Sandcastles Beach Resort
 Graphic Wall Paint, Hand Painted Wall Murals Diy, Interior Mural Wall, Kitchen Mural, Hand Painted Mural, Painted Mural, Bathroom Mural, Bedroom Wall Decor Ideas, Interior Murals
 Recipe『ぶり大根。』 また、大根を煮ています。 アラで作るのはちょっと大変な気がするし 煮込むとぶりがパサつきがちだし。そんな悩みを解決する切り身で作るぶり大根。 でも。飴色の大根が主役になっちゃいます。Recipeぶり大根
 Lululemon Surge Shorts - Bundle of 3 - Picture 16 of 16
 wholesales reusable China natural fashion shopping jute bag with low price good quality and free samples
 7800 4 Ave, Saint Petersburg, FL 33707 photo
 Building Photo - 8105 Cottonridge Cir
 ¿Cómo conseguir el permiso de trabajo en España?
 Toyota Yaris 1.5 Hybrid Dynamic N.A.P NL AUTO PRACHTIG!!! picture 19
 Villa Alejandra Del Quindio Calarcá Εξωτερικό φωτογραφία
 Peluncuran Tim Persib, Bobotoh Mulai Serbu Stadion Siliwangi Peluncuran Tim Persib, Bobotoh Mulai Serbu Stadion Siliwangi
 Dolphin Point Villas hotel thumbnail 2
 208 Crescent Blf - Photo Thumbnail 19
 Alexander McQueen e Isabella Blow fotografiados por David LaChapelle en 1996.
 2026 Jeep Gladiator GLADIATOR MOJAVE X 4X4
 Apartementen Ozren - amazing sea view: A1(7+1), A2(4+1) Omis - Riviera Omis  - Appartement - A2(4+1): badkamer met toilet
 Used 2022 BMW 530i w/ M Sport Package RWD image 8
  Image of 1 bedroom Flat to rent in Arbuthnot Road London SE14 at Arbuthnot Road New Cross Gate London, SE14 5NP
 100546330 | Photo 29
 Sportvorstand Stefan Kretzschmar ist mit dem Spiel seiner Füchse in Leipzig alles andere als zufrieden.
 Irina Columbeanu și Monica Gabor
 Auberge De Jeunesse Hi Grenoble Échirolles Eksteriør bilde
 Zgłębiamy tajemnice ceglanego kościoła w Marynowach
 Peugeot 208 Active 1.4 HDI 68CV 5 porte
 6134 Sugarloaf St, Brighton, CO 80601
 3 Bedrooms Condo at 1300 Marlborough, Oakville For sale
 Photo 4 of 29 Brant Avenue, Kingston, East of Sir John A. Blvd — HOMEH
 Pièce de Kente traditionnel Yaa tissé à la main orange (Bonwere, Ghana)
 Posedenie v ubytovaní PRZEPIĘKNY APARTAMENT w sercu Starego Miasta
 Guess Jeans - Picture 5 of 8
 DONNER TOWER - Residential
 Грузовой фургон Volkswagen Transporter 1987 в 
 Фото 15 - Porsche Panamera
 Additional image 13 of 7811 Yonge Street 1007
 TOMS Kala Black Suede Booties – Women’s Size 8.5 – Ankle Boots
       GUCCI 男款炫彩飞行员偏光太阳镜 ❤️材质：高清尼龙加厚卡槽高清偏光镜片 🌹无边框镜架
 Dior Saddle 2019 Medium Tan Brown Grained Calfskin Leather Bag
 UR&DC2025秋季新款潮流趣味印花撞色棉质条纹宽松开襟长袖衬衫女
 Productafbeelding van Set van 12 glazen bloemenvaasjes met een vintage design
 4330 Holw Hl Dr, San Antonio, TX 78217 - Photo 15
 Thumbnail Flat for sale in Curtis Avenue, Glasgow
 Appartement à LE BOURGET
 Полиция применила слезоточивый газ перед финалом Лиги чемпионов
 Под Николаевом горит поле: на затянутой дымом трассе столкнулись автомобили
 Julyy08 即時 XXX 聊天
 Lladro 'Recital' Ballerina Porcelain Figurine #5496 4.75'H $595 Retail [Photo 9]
- - - - -
- _About this exercise_:
All lines from the one that holds "Additional image 13" to the end of the entries above must be transcribed exactly, both ends included, and no others.

- _Written solution_:
 Additional image 13 of 7811 Yonge Street 1007
 TOMS Kala Black Suede Booties – Women’s Size 8.5 – Ankle Boots
       GUCCI 男款炫彩飞行员偏光太阳镜 ❤️材质：高清尼龙加厚卡槽高清偏光镜片 🌹无边框镜架
 Dior Saddle 2019 Medium Tan Brown Grained Calfskin Leather Bag
 UR&DC2025秋季新款潮流趣味印花撞色棉质条纹宽松开襟长袖衬衫女
 Productafbeelding van Set van 12 glazen bloemenvaasjes met een vintage design
 4330 Holw Hl Dr, San Antonio, TX 78217 - Photo 15
 Thumbnail Flat for sale in Curtis Avenue, Glasgow
 Appartement à LE BOURGET
 Полиция применила слезоточивый газ перед финалом Лиги чемпионов
 Под Николаевом горит поле: на затянутой дымом трассе столкнулись автомобили
 Julyy08 即時 XXX 聊天
 Lladro 'Recital' Ballerina Porcelain Figurine #5496 4.75'H $595 Retail [Photo 9]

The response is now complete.